Ogień wybuchł wewnątrz budynku, a nad miastem unosi się gęsty, ciemny dym, widoczny z wielu kilometrów. Na miejscu natychmiast zjawiły się liczne zastępy straży pożarnej, które walczą z żywiołem.
- Pożar nie rozprzestrzenia się, nie ma ofiar – zapewnił dyżurny stanowiska kierowania miejskiej Straży Pożarnej w Przemyślu ogniomistrz Andrzej Michno w rozmowie z PAP.
Strażak dodał, że zgłoszenie o pożarze suszarni w zakładzie przetwórstwa płyt pilśniowych strażacy otrzymali po godz. 19 w sobotę.
- Pali się hala o wymiarach 120 na 18 metrów. Pożar się nie rozprzestrzenia. Akcja gaśnicza trwa – zapewnił dyżurny.
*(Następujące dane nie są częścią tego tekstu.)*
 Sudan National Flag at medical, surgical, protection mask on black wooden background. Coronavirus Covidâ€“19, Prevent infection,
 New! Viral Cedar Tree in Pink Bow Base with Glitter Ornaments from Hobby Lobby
Dodał, że w akcji bierze udział 12 zastępów strażaków PSP i OSP. Nie ma ofiar.
Kolejny pożar
Pożar w zakładzie Fibris to już nie pierwszy incydent w tej lokalizacji. Jest to już kolejny pożar w tym zakładzie w ostatnich latach, co budzi obawy mieszkańców i wzmaga dyskusje na temat bezpieczeństwa. Zaledwie kilka miesięcy temu, 22 grudnia ubiegłego roku, w tym samym zakładzie również doszło do poważnego pożaru. Wcześniej podobne zdarzenia miały miejsce w 2018 i 2023 roku.
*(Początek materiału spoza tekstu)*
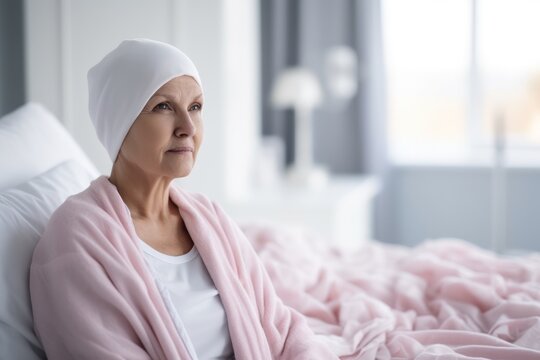 Portrait of a happy, elderly woman in a headscarf for cancer patients, recovering from illness.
Częste pożary w jednym zakładzie rodzą pytania o ich przyczyny. Strażacy badają, co mogło doprowadzić do wybuchu ognia. Na obecną chwilę nie są znane oficjalne przyczyny zdarzenia, a akcja gaśnicza wciąż trwa. Sytuacja jest rozwojowa i służby starają się opanować ogień, aby zapobiec dalszym zniszczeniom.